プルのキャラクターブック『機動戦士ガンダムZZ エルピー計画』(徳間書店)

『機動戦士ガンダムZZ』に登場したエルピー・プルは、ネオ・ジオンのクローン技術によりニュータイプの複製として生み出されました。遺伝子レベルで肉体強化が施されているため、ニュータイプと強化人間の特性を併せ持つ存在でもあります。

 プルの初登場は17話「奪回!コア・トップ」でした。幼いながらキュベレイMk-IIを駆りジュドーたちを翻弄、援護のためにブライトが放ったハイメガ粒子砲を難なくかわし、能力の高さを見せつけました。しかし性格は天真爛漫で人懐っこく、アクシズに潜入したジュドーにあっという間に懐いてしまいます。紆余曲折あってジュドーたちと行動を共にするようになったプルでしたが、34話でアリアス隊のバウと交戦し重傷を負い、36話では妹に当たるプルツーがサイコガンダムMk-IIでアーガマを急襲した際に解体中のキュベレイMk-IIで出撃、ジュドーをかばって死亡しました。
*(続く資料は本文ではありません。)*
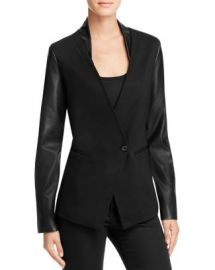 AQUA Ponte Faux Leather Blazer at Bloomingdales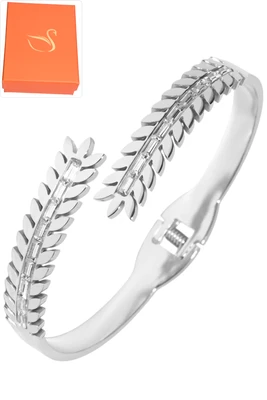 Coffret jonc cadeaux bijoux feuille Argent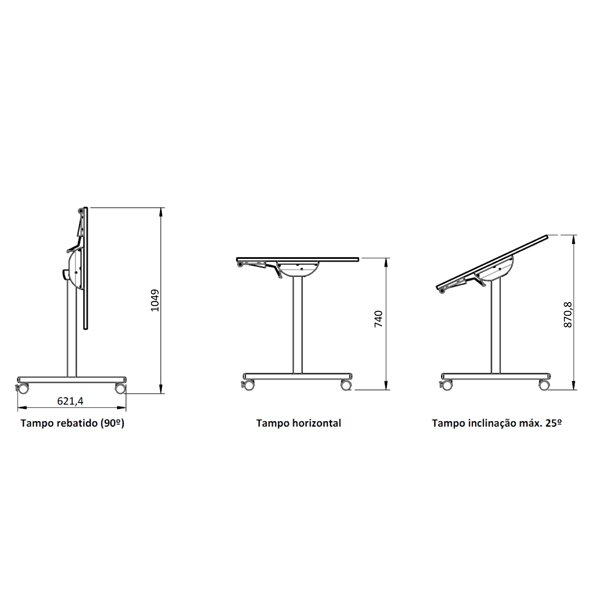 Desenho técnico da mesa HT, com vistas laterais em diferentes posições e cotas.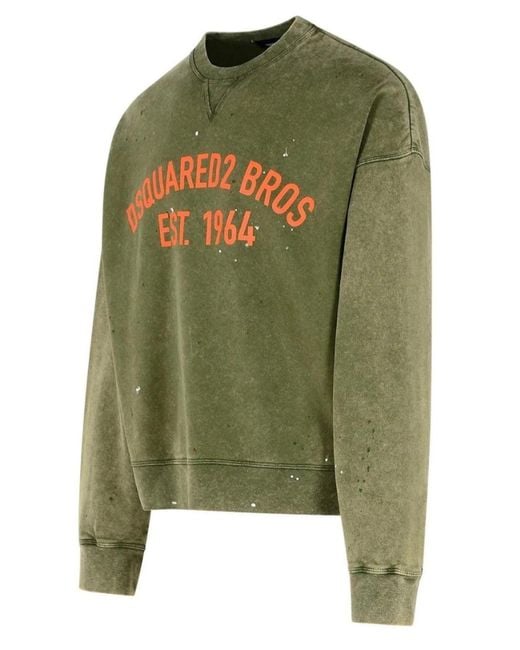 DSquared² Green Paint Splatter Military Sweatshirt for men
 エルピー・プルはそのかわいらしさと悲劇性、そして声を担当した本多千恵子さんの熱演も相まって、登場シーンを集めた小冊子『エルピー計画』が発売されるほど極めて人気の高いキャラクターでした。本多さんが2013年に49歳の若さで亡くなったことが残念でなりません。

●マリーダ・クルス

『機動戦士ガンダムUC』episode7「虹の彼方に」 (C)創通・サンライズ

『機動戦士ガンダムUC(ユニコーン)』に登場したマリーダ・クルスは、エルピー・プルと同様クローンとして作られた存在であり、コードネーム「プルトゥエルブ」と呼ばれていました。『機動戦士ガンダムZZ』の最終盤で姉妹たちとともにキャラ・スーンのゲーマルクと交戦した際にひとりだけ逃亡し脱出ポッドで生き延びましたが、彼女を回収した人間たちにより娼館に売り飛ばされ、死んだ方がマシとも思える境遇へと追い込まれます。後にスベロア・ジンネマンに救出されてからは彼を「マスター」と呼び固い信頼関係で結ばれるようになりました。

 ジンネマンが所属するジオン軍の残党「袖付き」では貴重な強化人間パイロットとしてMSクシャトリヤを駆り、OVA(TVアニメ)1話ではロンド・ベル所属のスターク・ジェガンと交戦し、勝利しています。この戦闘はアムロ・レイの戦いを間近で見たベテランパイロットが構築した対ニュータイプ/強化人間用の戦術が惜しみなく投入されており、それを上回って勝利したマリーダの能力の高さが証明される結果となりました。

 ストーリー上ではさまざまな状況に翻弄されながらも、最終決戦では主人公、バナージ・リンクスのユニコーンガンダムのバックアップを担当し、万全ではないにも関わらず圧倒的な戦闘力を発揮し援護します。最後はリディ・マーセナスのバンシィが放ったビームからネェル・アーガマをかばって死亡しますが、その意志は多くの人を勇気づけることとなりました。